State v. Reine, 19477

Decision Date03 November 1992
Docket NumberNo. 19477,19477
Citation122 Idaho 928,841 P.2d 458
PartiesSTATE of Idaho, Plaintiff-Respondent, v. Merle Christopher REINE, Defendant-Appellant.
CourtIdaho Court of Appeals

Michael J. Wood and John A. Olson (argued), Twin Falls, for defendant-appellant.

Larry EchoHawk, Atty. Gen., Thomas P. Watkins, Deputy Atty. Gen. (argued), Boise, for plaintiff-respondent.

WALTERS, Chief Judge.

This is an appeal from an order revoking probation. Merle Christopher Reine argues that his due process rights were violated because he was found to have violated a condition of probation which he never acknowledged knowing, that the probation condition was not reasonably related to his crime, and that the court abused its discretion when it revoked probation. We affirm.

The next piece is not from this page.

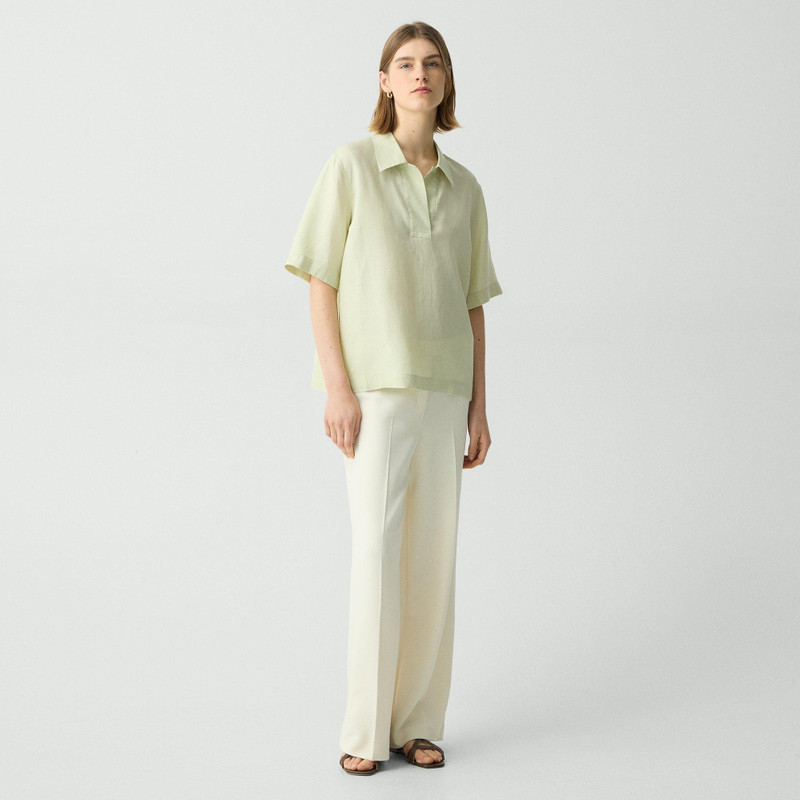 Theory Polo Shirt in Relaxed Linen outlook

Reine was charged with two counts of first degree burglary. I.C. § 18-1401, -1402, -1404. Under a plea agreement, one count was dropped and Reine pled guilty to the other. In January, 1990, the court imposed a unified five-year sentence, with a minimum two-year period of confinement. The court retained jurisdiction for 120 days, which was later extended by sixty days. On August 1, 1990, Reine was placed on two years' probation.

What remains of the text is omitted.